On feeling unappreciated and what to do about it.
Last night our 12 year old daughter was sitting up with us, waiting for her bedtime.
"Is this, like, what you do at night?" she said. "Don't you do anything interesting?"
My feelings were hurt immediately. Doesn't she realise that I have spent the day doing her washing, cleaning and cooking? I thought. Does she think I really enjoy spending my energy taking her to the dentist? Can't she understand that, having met everyone else's needs all day long, I might just need to sit on the couch and "do nothing"? Doesn't she understand the sacrifices that I have made for her?
In the cold light of day, of course I know that the answer is no to all of the questions I asked myself. She doesn't know, and she can't possibly understand until she is either 25 years old or a mother herself.

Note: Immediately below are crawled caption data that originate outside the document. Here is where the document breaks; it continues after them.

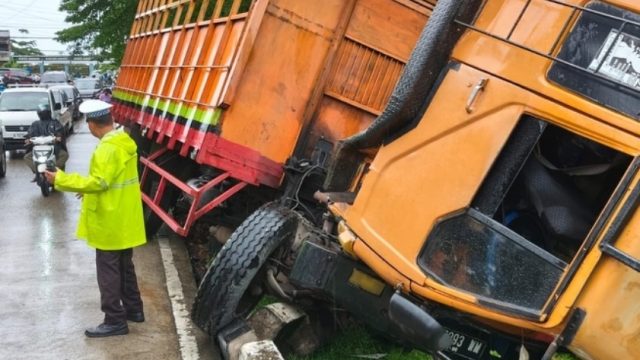 Laka lantas di Kota Depok 2026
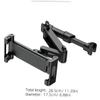 FELTECHELECTR 360 Rotatable Car Headrest Tablet Phone Holder Easy Installation for Car view 2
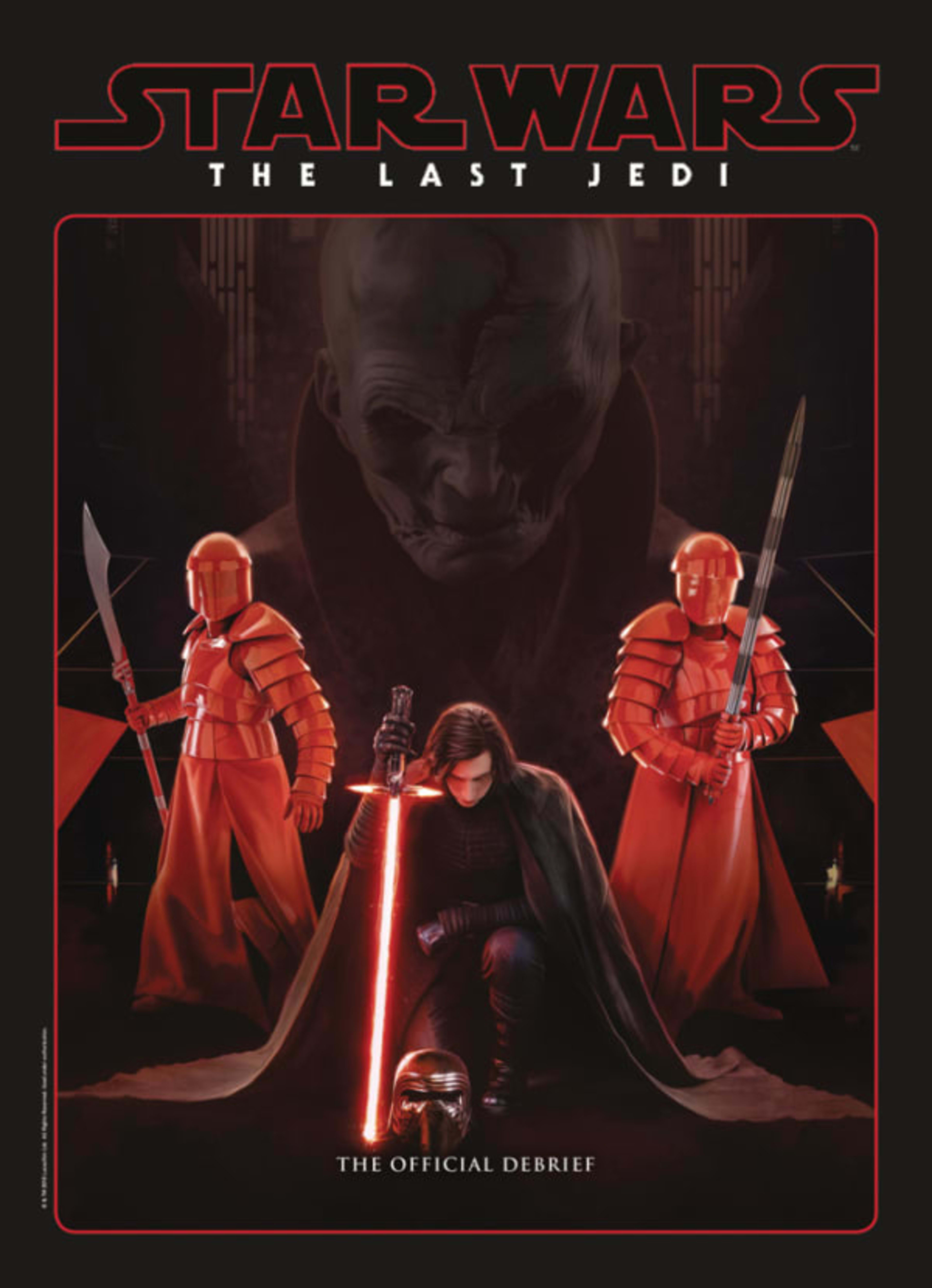 Star Wars: The Last Jedi Interview: The Official Debrief cover — © Titan Comics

Besides, I remember having the same feelings myself. I wondered what my mother did all day while I was at school and I distinctly remember thinking at age 16, I am never going to be boring like my parents.

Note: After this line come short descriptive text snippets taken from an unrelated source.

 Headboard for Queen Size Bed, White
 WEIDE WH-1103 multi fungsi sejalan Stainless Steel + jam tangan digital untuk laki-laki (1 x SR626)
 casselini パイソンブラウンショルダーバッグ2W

Perhaps I am a little bit boring now. Perhaps it is good to be challenged to not sit in a rut and do the same old things day after day. However, I also need to remember that I still have a two-year-old, and a son with high anxiety and other challenges, and that I actually do need to rest at night otherwise I become a horror mother during the day. Perhaps we parents are not boring, we are just tired.
It was a good opportunity to take my own advice. This week I gave a parenting talk in which I said that when we feel upset or angry, it is probably because a need is not being met deep inside. I had to ask myself, "what do I need here?" The answer was appreciation and validation and acknowledgement that my sacrifices that I have chosen to make for my children have not been in vain. I also need to be seen as a real person and not dismissed as a boring caricature.

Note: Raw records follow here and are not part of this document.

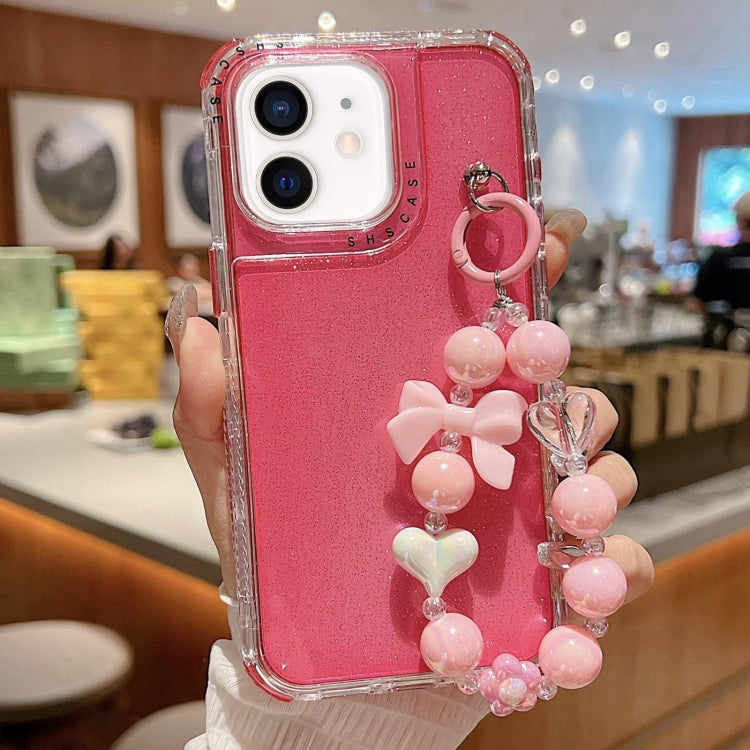 TPU + PC + Glitzer Pailletten Vollschutz-Handyhülle mit Armband, Für iPhone 14 Pro, Für iPhone 14 Pro Max, Für iPhone 6 / 7 / 8 / SE 2020, Für iPhone 13 Pro Max, Für iPhone 13 Pro, Für iPhone 13, Für iPhone 12 / 12 Pro, Für iPhone 12 Pro Max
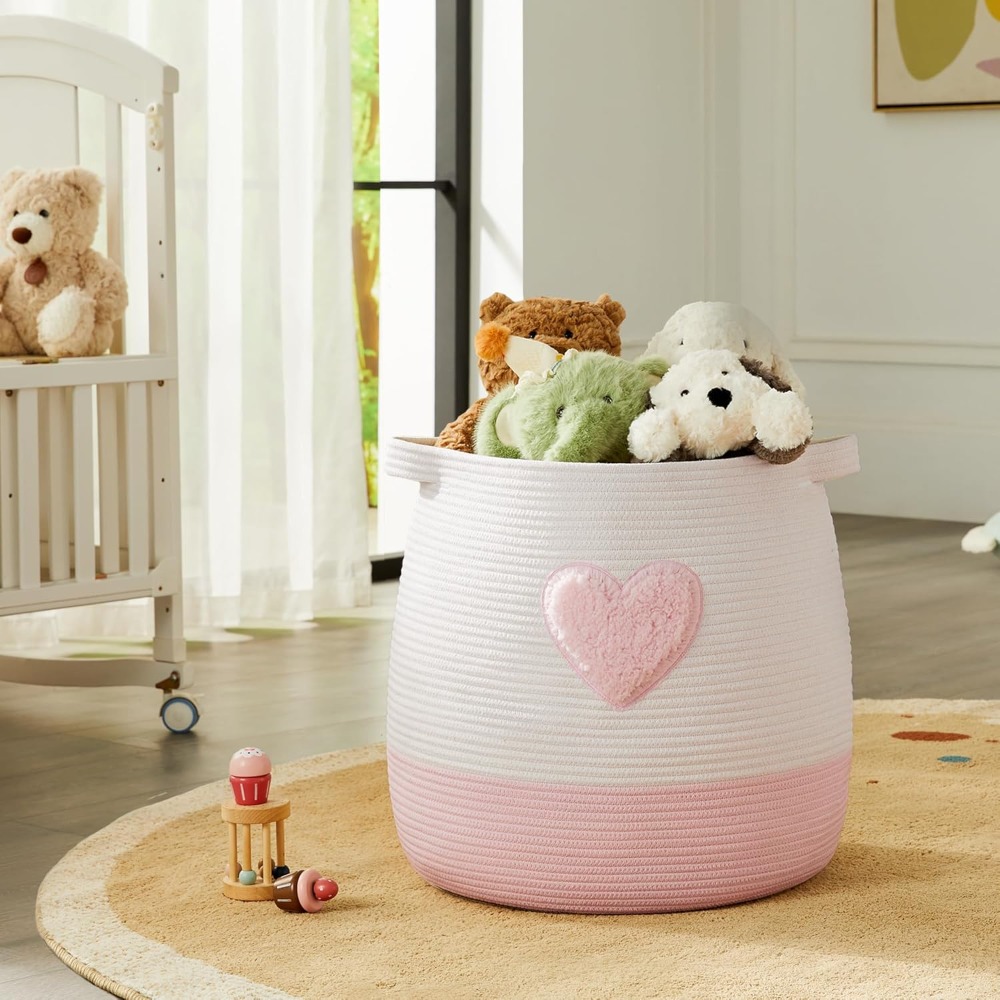 Roze wasmand mand voor kindere - Laundry Hamper Nursery recensie en prijs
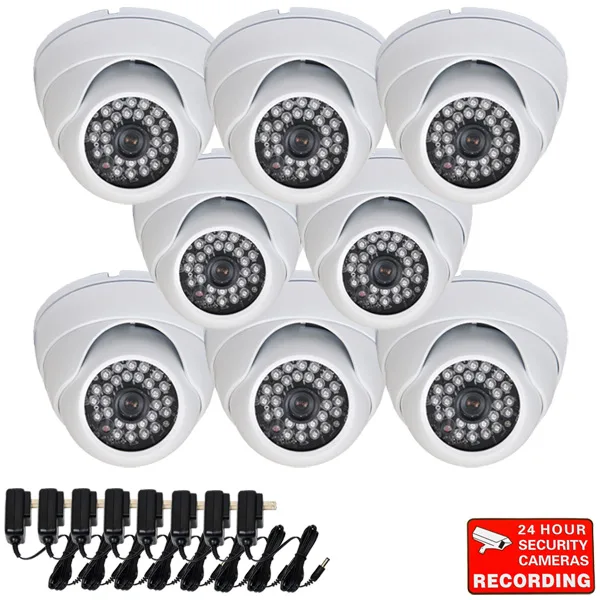 VideoSecu VideoSecu VD3HWEK8 8 Pack CCTV Camera 700TVL 3.6mm 28 IR LEDs — product photo
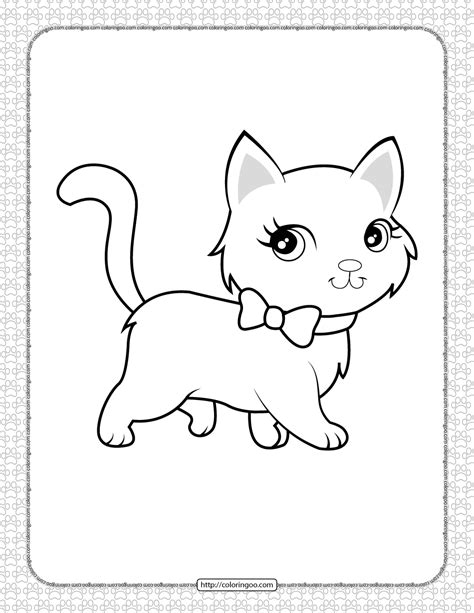 cute cat  coloring pages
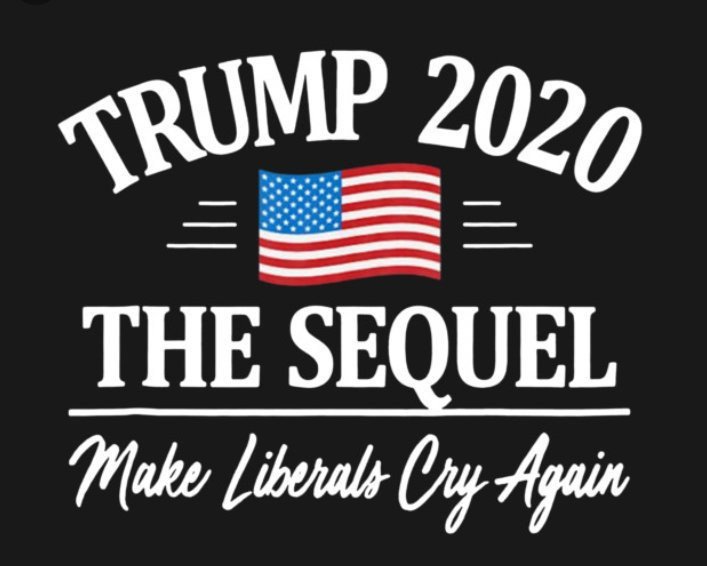 Trump Make Liberals Cry Again Flag 2020-2024 Black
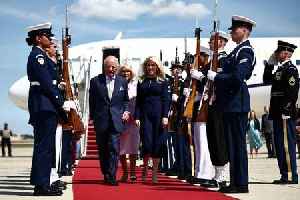 King Charles and Queen Camilla arrive in Washington DC for state visit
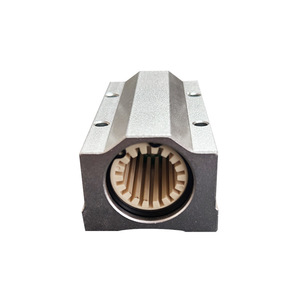 Linear Slide Bearing Housing Aluminum Alloy SCS10 <b>12</b> 10 Mm Bore Flanged Mounting Engineering Plastic Wear Resistant - Product Image 1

In my talk, I argued that our children will never meet those needs. It would be easy enough to play the guilt card and make my daughter feel bad about what she said, but I would prefer to have appreciation and thanks that comes freely from her heart one day when she understands. (It might be useful to have a word with her, however, about not criticising other people's activities…)
So, where can I get my need for appreciation met? I am finding that in the end, only God is able to meet my needs. He reminds me of his love and compassion and respect and enjoyment for me in the Bible. When I ask the question, "what do I need?" I have not had an instance yet in which I find that God can't meet the need.
I am continually finding that, having asked the question and having had my need met, I am so much better placed to deal with the problem or the issue at hand. This process has helped me get rid of anger and bitterness that before, I would have been fighting for days.